Laila the Musical wraps the heavy weight of the themes addressed with a fun, comical and vibrant air. This is most evident in Sheena Patel‘s characterisation of Princess Laila’s maid Zeenat, although she is aware of the impact of the Princess’s unconventional ways, she becomes a silent rebel, bound by her loyalty and a figure of strength considering her social standing. The beaming features of this production are the choreographed sequences, brought to us courtesy of Cressida Carré and performed brilliantly in particular by Yinka Williams and the musical orchestration and accompaniment, courtesy of Benjamin Holder and Sumeet Chopra.

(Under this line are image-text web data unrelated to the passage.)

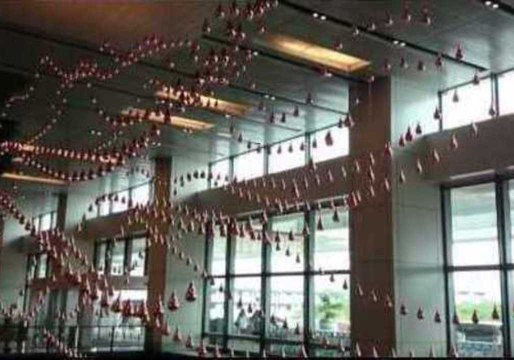 Kinetic Rain Wows Onlookers at Changi Airport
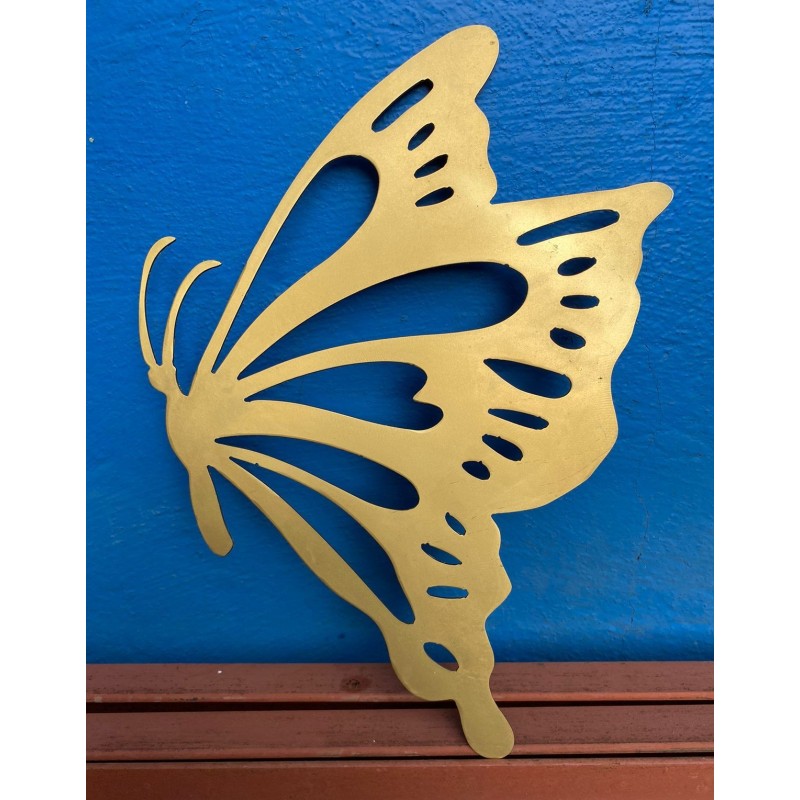 Mariposa Dorada en Metal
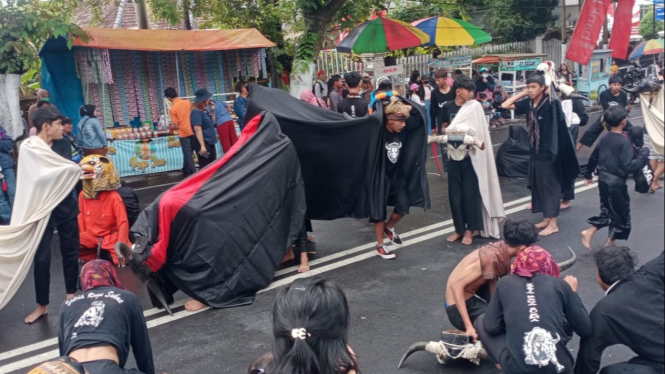 Karnaval seribu Banteng di Kota Batu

The narrative itself has promise, there’s a real sense of jeopardy felt near the first half’s conclusion, however the feeling is that the tension immediately escalates at that point rather than gradually mounting. By the time the stakes have risen I’m not truly invested in the character’s romance. The technique utilised by the cast to adorn the songs is beautiful. Rather than belt the songs out like a typical western musical, songs are performed with an Indian classical flourish that makes for an entertaining listen. 2/5
Review written by Lucy Basaba.
Laila the Musical is currently showing at the Watford Palace Theatre until Sunday 17th April. For more information on the production, visit here…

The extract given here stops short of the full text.